§ **Information supplied**:
*** Block opens ***
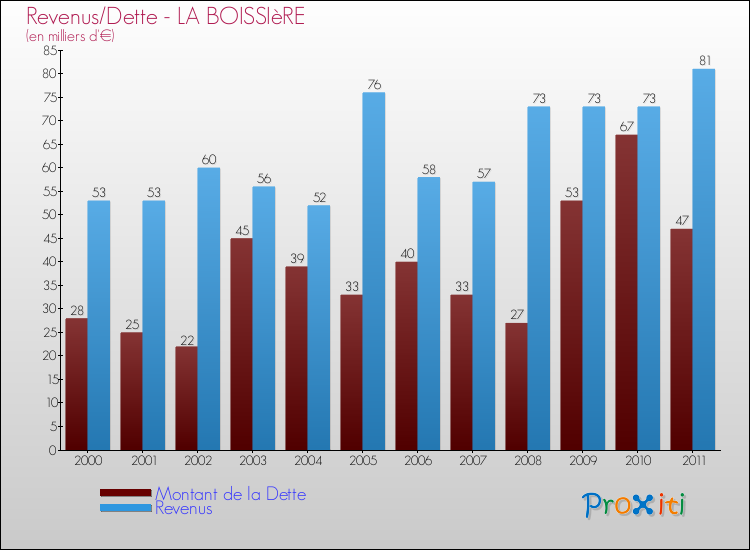 Evolution comparée de la dette et des revenus pour la commune de LA BOISSIèRE de 2000 à 2011 Comparaison de la dette et des revenus pour LA BOISSIèRE de 2000 à 2011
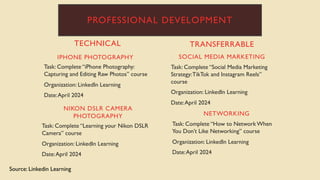 TECHNICAL
Task: Complete “iPhone Photography:
Capturing and Editing Raw Photos” course
Organization: LinkedIn Learning
Date:April 2024
TRANSFERRABLE
PROFESSIONAL DEVELOPMENT
IPHONE PHOTOGRAPHY SOCIAL MEDIA MARKETING
NIKON DSLR CAMERA
PHOTOGRAPHY
Task: Complete “Learning your Nikon DSLR
Camera” course
Organization: LinkedIn Learning
Date:April 2024
Task: Complete “Social Media Marketing
Strategy:TikTok and Instagram Reels”
course
Organization: LinkedIn Learning
Date:April 2024
Source: Linkedin Learning
NETWORKING
Task: Complete “How to Network When
You Don’t Like Networking” course
Organization: LinkedIn Learning
Date:April 2024
 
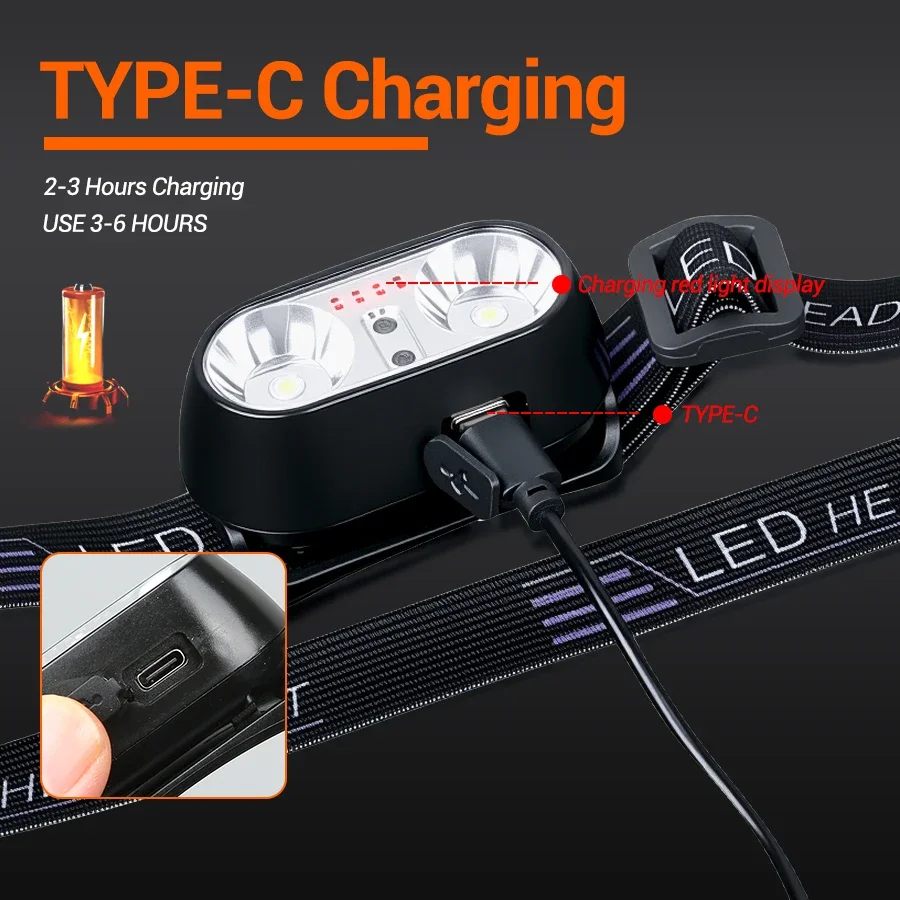 強力な光ヘッドランプミニLED夜釣り強力な懐中電灯ヘッドラン - Led Headlight Bulbs のレビューと価格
*** Block closes ***
§ **Work to complete**:
Tally the lines of the records that contain the word "DSLR", then give only the tally.

§ **Finished task**:
2